In her second aria, ‘With verdure clad the fields appear,’ Stober told the origin story of the trees, grass, and flowers with pretty pastel tonal colors and poised phrasing. However, the orchestra’s tempo felt too fast, its volume too strong, and its texture too rich for the gentle pastoral mood the aria calls for, almost to the point of overshadowing Stober.

‘On mighty pens uplifted soars the eagle aloft,’ Gabriel’s third aria, is a florid celebration of the creation of birds, including the lark, dove, and nightingale. Haydn uses coloratura filigree in the vocal line — with flutes prominently featured — to paint this avian scene. It could come off as cliché, but he handles it so skillfully that it remains fresh and delightful. Stober’s silvery tone, crisp trills, and especially her pure, floating delivery of the repeated word ‘cooing’ made it a highlight. Readers in the Pacific Northwest may well want to catch Stober in the title role of Richard Strauss’s infrequently performed “Daphne” with the Seattle Opera next season.

An Anticlimactic Ending

Part Two ends with the creation of humankind, then Part Three moves to the Garden of Eden and introduces Adam (a baritone) and Eve (a soprano), with only brief narration from Uriel. Many listeners — myself included — find this third part somewhat underwhelming musically and dramatically. The music essentially consists of two cheerful, fairly simple duets between Adam and Eve that are all full of gratitude and bliss. With the creation narrative complete, the energy tapers off and we have landed in an afterthought, a minor epilogue. There is no serpent, no temptation, no fall from grace — just a brief warning from Uriel: ‘O! happy pair and happy still might be, if not misled by false conceit…’ Even this is delivered in straightforward recitative with no musical shadowing to hint at the trouble ahead, which is surprising, given how much expressive color Haydn uses elsewhere in the score.

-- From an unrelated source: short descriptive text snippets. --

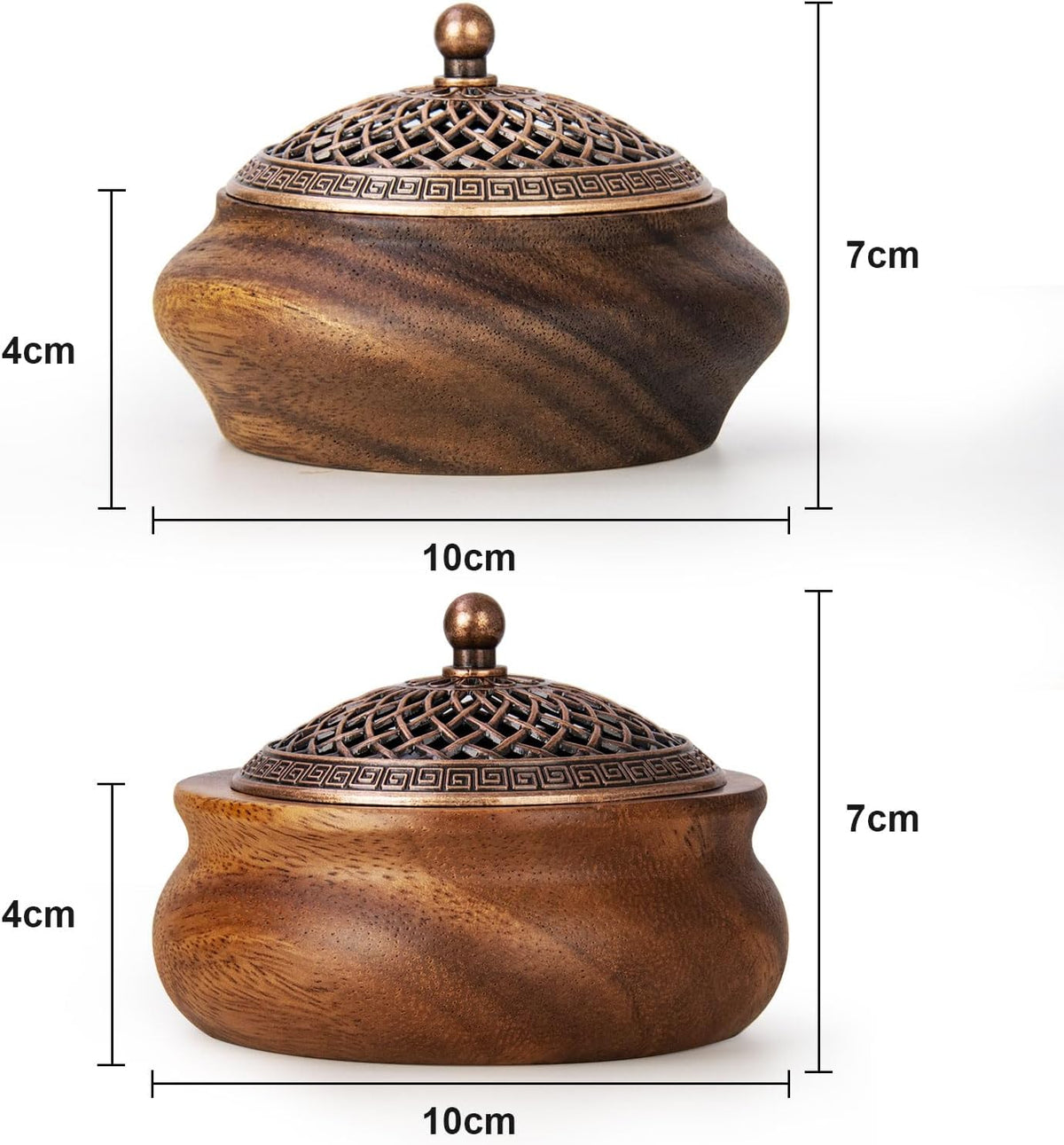 2 Pack Incense Cone Holder, Retro Wooden Cone Incense Burner Holder with Brass Cover, Vintage Bakhoor Burner for Sticks Coil, Frankincense Room Home Decor Yoga Spa Meditation (P)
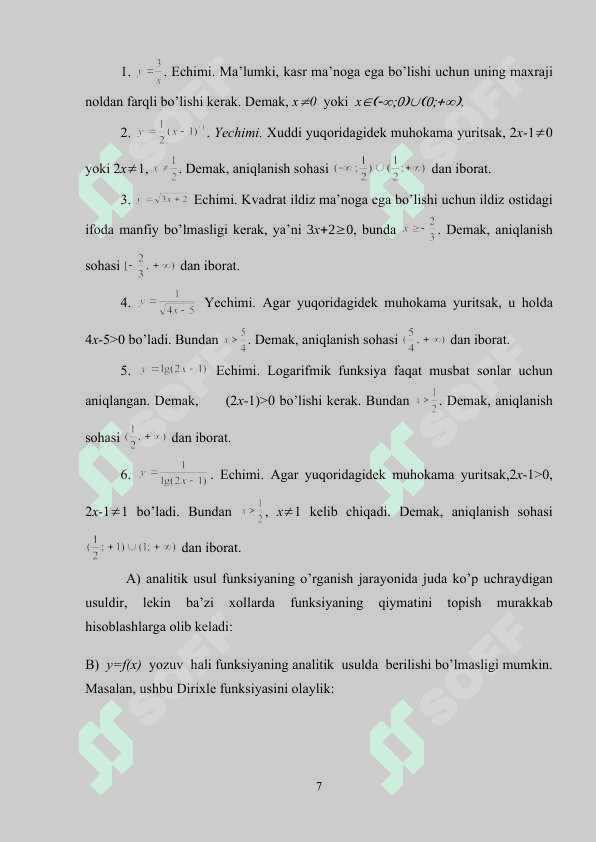 Funksiya tushunchasi.Asosiy elementar funksiyalar 7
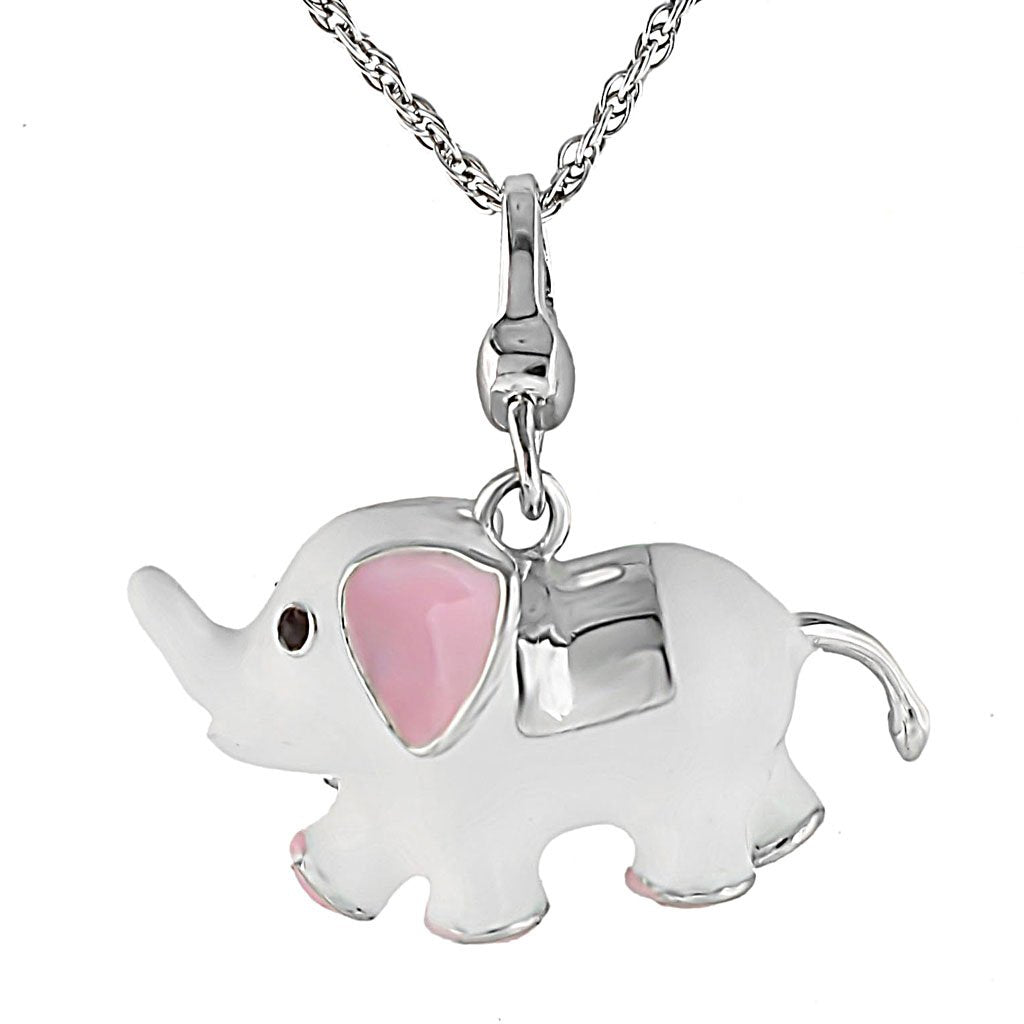 LOS421 - Silver 925 Sterling Silver Chain Pendant with Top Grade Crystal in Siam-0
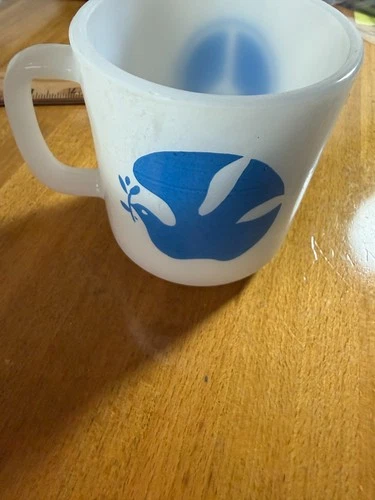 Vintage Glasbake Milk Glass Peace Sign & Dove Coffee Mug!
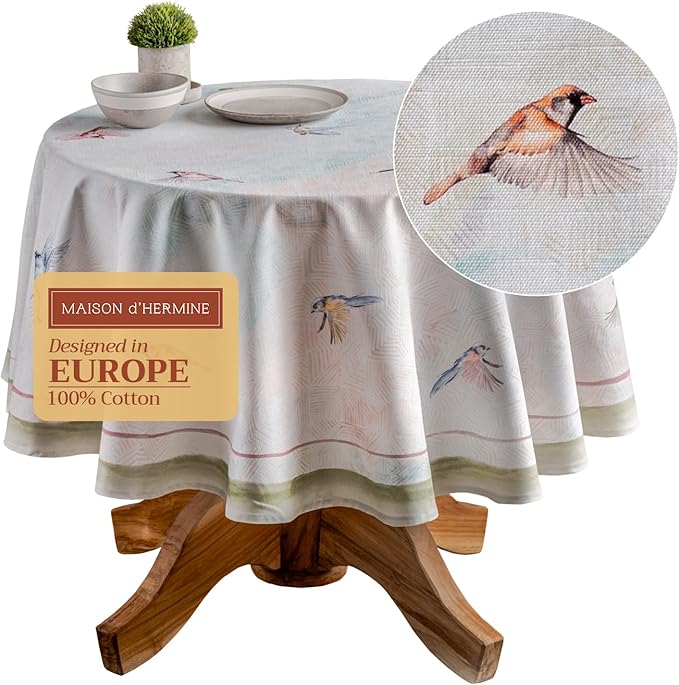 Maison d' Hermine Table Cloth Round Table 100% Cotton 69 Inches Tablecloth Reusable Decorative Everyday Use for Dining Room, Farmhouse, Home, Party, Festive & Wedding Spring Summer - Flying Birds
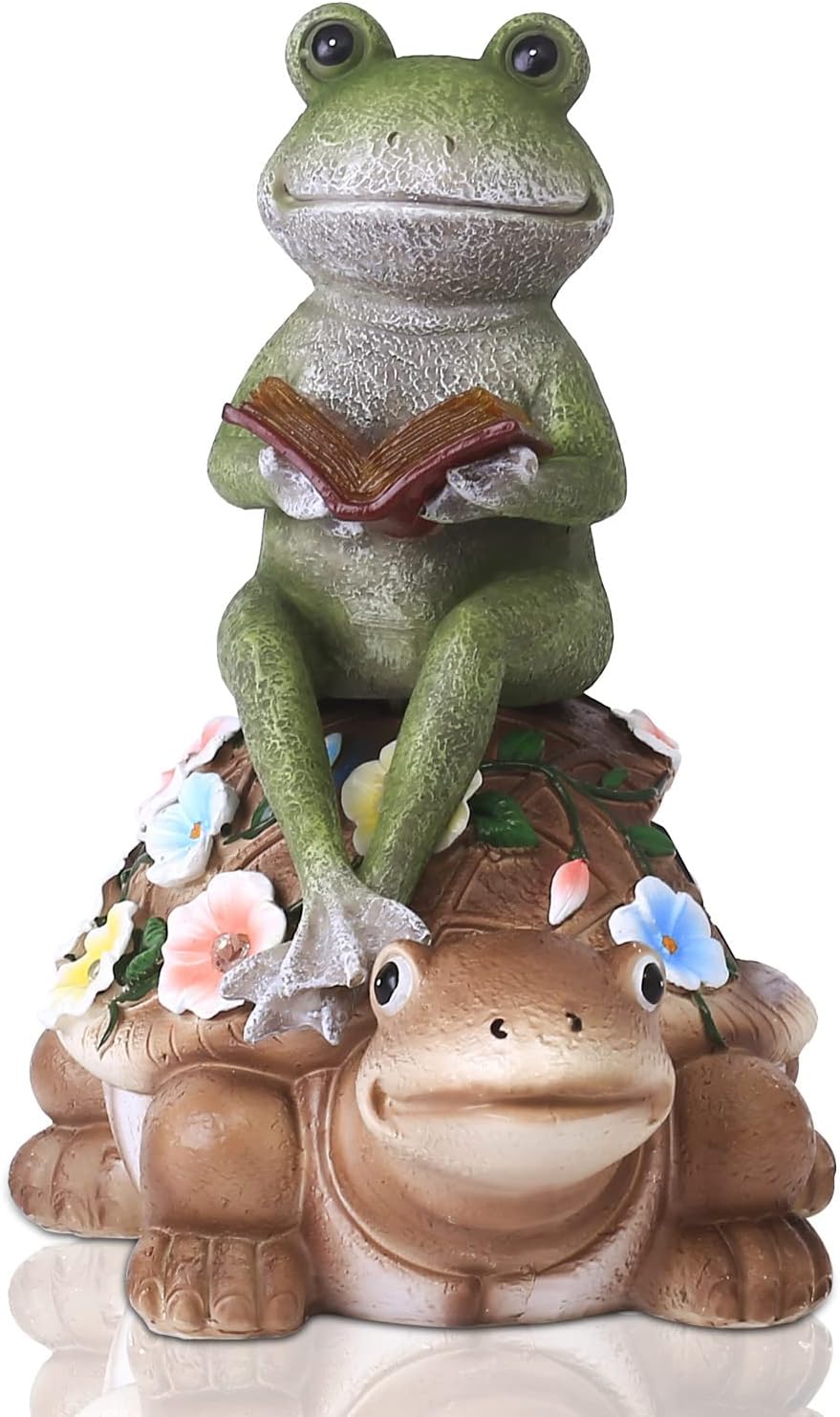 Yeomoo Solar Frosch Reiten Schildkröte Figuren Gartendeko für Draussen – mit Blumen LED Solarlampen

Doubling Roles: A Missed Opportunity

Adam and Eve are often sung by the same soprano and bass who sing the angels — which is how it was done in Haydn’s time, and how it was done here with Stober and Humbert. I have seen it performed with five soloists — bringing in new singers for Adam and Eve — and I prefer that approach. While its costs more to hire the additional soloists, using different singers for this pair of humans acknowledges a notable shift in the music and provides more dramatic contrast. Whereas the angels require individual flair, Adam and Eve are written as a rather humble, close-knit musical pair — more like Figaro and Susanna in “Le Nozze di Figaro.” Ideally, they would be cast to optimize vocal blend, stylistic synchrony, and emotional chemistry. Humbert was less convincing in this shift from archangel to modest human; his robust vocal style did not ideally suit the sculpted and sustained Mozartean lines of the duets. Stober adapted better to Eve, moving from the brilliant Gabriel to the innocent, subservient Eve by adding a soft-grained sheen to her phrasing. Of special note is how she handled the dated lines of a wife’s subservience to her husband (‘My all, thy will is law to me…’) with dignity.

The Chorus Shines Bright

Large and complex choral interjections are central to this work, nearly all of them hymns of praise to God. The Seattle Symphony Chorale, prepared by Joseph Crnko, sang them with radiant tone and tight articulation. The moving lines of the different vocal parts were distinctly contoured. The final chorus that declaims, ‘Sing the Lord ye voices all,’ summarized the evening well — it was a thrill to get lost inside all these amazing musical voices.